[Start of Attachment]
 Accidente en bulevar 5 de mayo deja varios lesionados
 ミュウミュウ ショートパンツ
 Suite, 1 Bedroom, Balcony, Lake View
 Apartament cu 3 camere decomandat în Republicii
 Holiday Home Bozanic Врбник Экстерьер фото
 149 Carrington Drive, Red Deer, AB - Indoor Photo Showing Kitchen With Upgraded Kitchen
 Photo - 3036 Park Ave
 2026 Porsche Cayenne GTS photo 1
[End of Attachment]
[Start of Attachment]
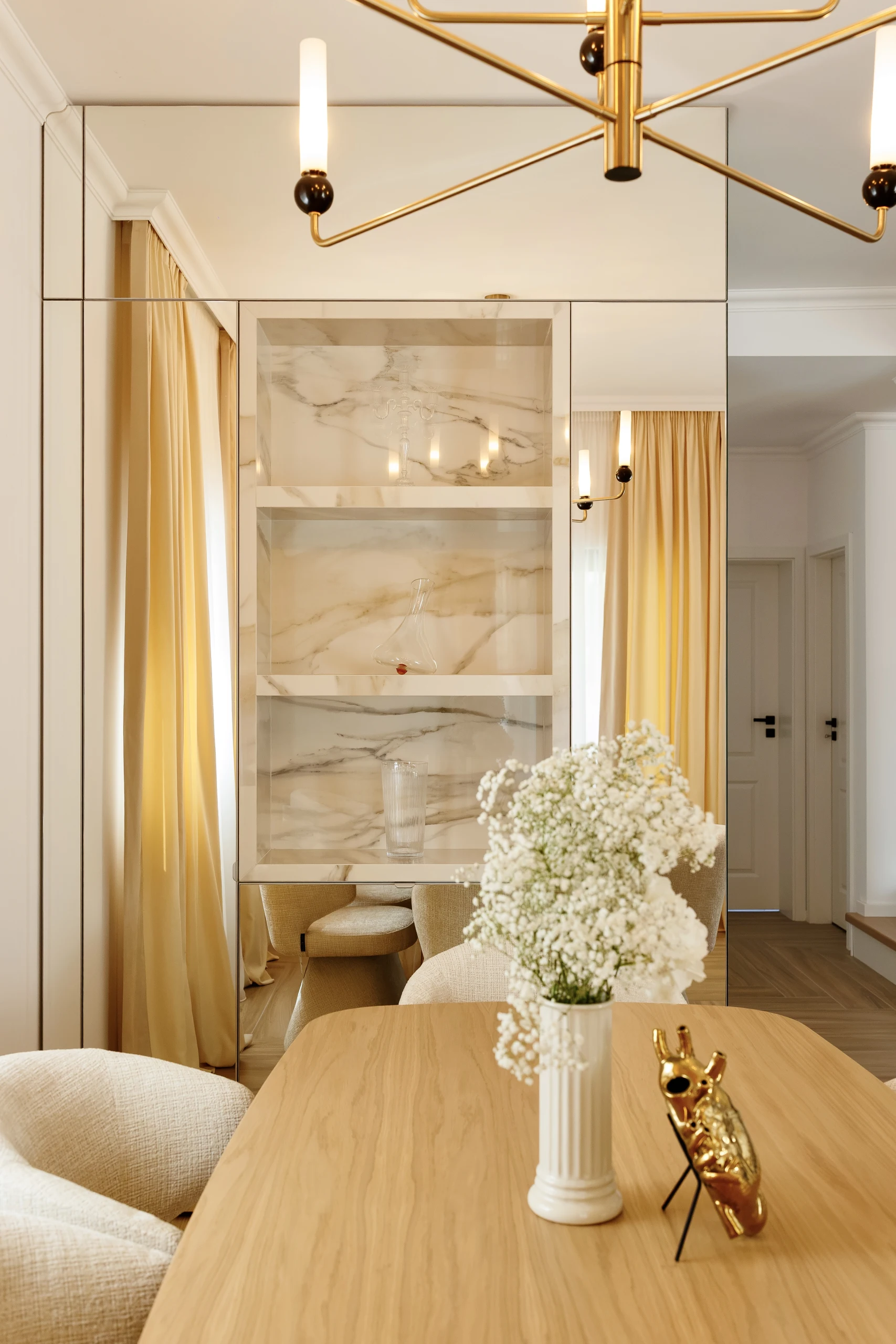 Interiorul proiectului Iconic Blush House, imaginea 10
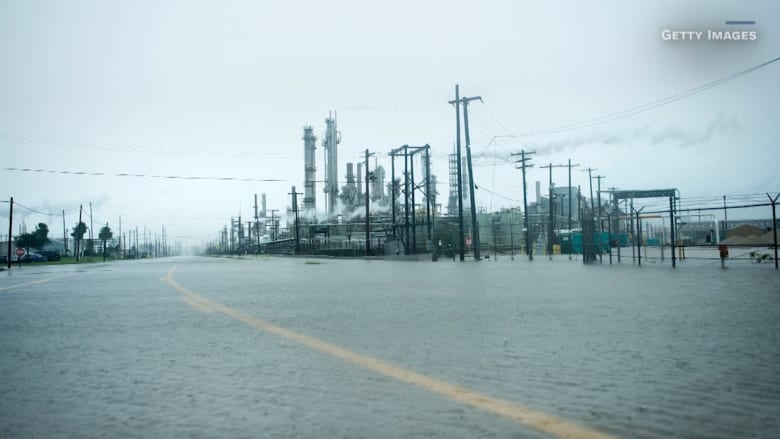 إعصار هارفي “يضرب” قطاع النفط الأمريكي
[End of Attachment]
Problem description
When you reach the line in the material above that holds "Photo - 3036 Park Ave", begin reproducing lines exactly, and stop after the line that holds "2026 Porsche Cayenne GTS photo 1".

Answer to this task
 Photo - 3036 Park Ave
 2026 Porsche Cayenne GTS photo 1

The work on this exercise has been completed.